Mobiliare Lebenswelten

Truhen und Kästen begleiteten früher als „Mobile“ einfache Dienstboten zu ihren wechselnden Arbeitsstätten, bargen die persönlichen Habseligkeiten, dienten aber auch dem Transport der Mitgift zukünftiger Bäuerinnen. Die Entwicklung dieser vielfach kunstvoll verzierten Möbelstücke erzählt eine ganze Kulturgeschichte, von ihrer Herstellung durch Zimmerleute und später spezialisierte Tischler in Mittelalter und Neuzeit bis hin zur industriellen Fertigung in der Gegenwart.

Vorratstruhe mit Geschichte

Die aus der Gegend von Ebene Reichenau stammende Dachtruhe des 14. Jhs. diente bis zu ihrer Verbringung ins Kärnten Museum zur Aufbewahrung von Korn oder Mehl. Der Abstand von 26 cm zwischen Truhenboden und Untergrund schützte den Inhalt vor Nässe und Nagetieren. Die Truhe wurde von Zimmerleuten mit einfachen Werkzeugen zum überwiegenden Teil aus Fichtenholz gefertigt und verfügt auch über ein Riegelschloss aus Holz und Eisen.

Fromme Apostel

Diese sogenannte „Aposteltruhe“ der zweiten Hälfte des 17. Jhs. aus dem Görtschitztal ist mit zwölf Arkadenbögen in zwei Kassettenfeldern verziert.
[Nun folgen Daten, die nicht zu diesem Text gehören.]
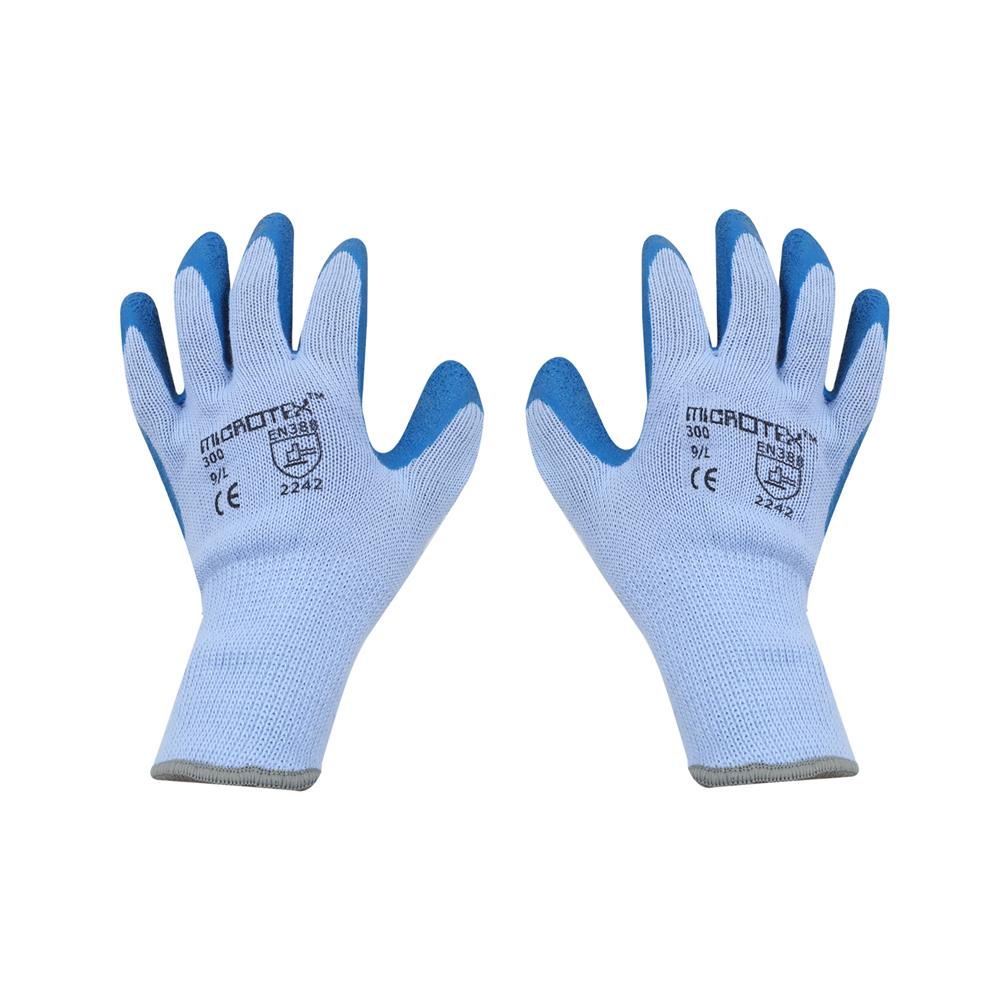 ถุงมือถักเคลือบยางกันบาด MEGA GLOVE สีฟ้า แพ็ก 2 ชิ้น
An der Innenseite des Deckels sind noch Teile von Heiligenbildern und Andachtsbildchen erhalten, die der fromme Besitzer zur religiösen Erbauung nutzte.

Rosentaler Marientruhe

Diese aus dem Rosental stammende Truhe des 19. Jhs. zeigt in drei Bildfeldern in der Mitte Maria vom Berge Karmel mit ihren Attributen und zu beiden Seiten jeweils einen Biedermeierstrauß. Eine kleine Kassette und ein Holzboard im Truheninneren dienten der Aufbewahrung kostbarer Kleingegenstände.
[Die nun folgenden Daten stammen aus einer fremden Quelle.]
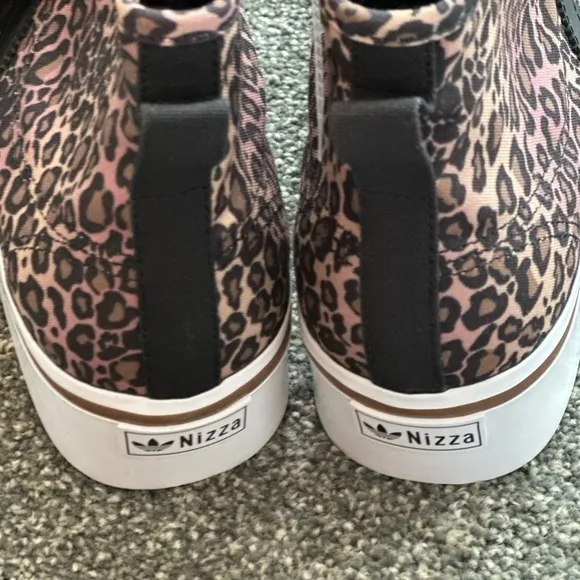 adidas Originals Nizza Platform mid sneakers in black leopard print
Mölltaler Hochzeitsschrank

Die Türen dieses durch Inschrift auf das Jahr 1846 datierte Hochzeitsschranks aus dem Mölltal sind in insgesamt sechs Bildfelder gegliedert und zeigen eine Schäferszene und eine Christusdarstellung, die heilige Anna und den heiligen Antonius von Padua mit dem Jesuskind sowie biedermeierliche Blumensträuße.

Zimmermannskunst

Das Handwerk des Zimmermanns hat lange Tradition und erlebte eine Blütezeit mit der Bildung der Zünfte im Mittelalter. Mit Äxten, Beilen, Zugsägen, Winkellot und Löffelbohrer fertigten sie neben Blockbauten und Dachstühlen auch einfaches Mobiliar. Dabei wurden Holzdübel als Verbindungselemente und zur Stärkung des Holzgefüges in die mittels Löffelbohrer angebrachten Löcher eingefügt.

Spezialisten am Werk

Das Aufblühen des Städtewesens und das Aufkommen von Sägemühlen zur Herstellung von Schnittholz führten im 15. Jh. zur Entstehung des spezialisierten Tischlerberufs. Anders als die Zimmerleute verwendeten die Tischler Leim, neuartige technische Hilfsmittel und spezielle Werkzeuge wie Hobel, Profilhobel, Winkel, Streichmaß, unterschiedliche Sägen, Zirkel und Zwingen. Der Streit zwischen den Zünften der Zimmerleute und Tischler dauerte aufgrund der anfangs nicht klar abgegrenzten Tätigkeitsfelder bis ins 18. Jh.

Heilige Bauersleute

Meist waren es professionelle Kirchenmaler, die für die künstlerische Ausgestaltung von Braut- und Hochzeitskästen/-truhen wie auch die Bemalung von häuslichem Inventar sorgten. Die ausgestellten Objekte sind von hoher Qualität und mit MAP signiert. Dargestellt sind bedeutende Bauernheilige: Für den heiligen Isidor von Madrid verrichtete angeblich ein Engel die schwere Arbeit mit dem Pflug, während er zu Gott betete. Die heilige Notburga von Rattenberg ist mit einer über ihrem Kopf schwebenden Sichel dargestellt, während sie selbst das abendliche Gebet verrichtet.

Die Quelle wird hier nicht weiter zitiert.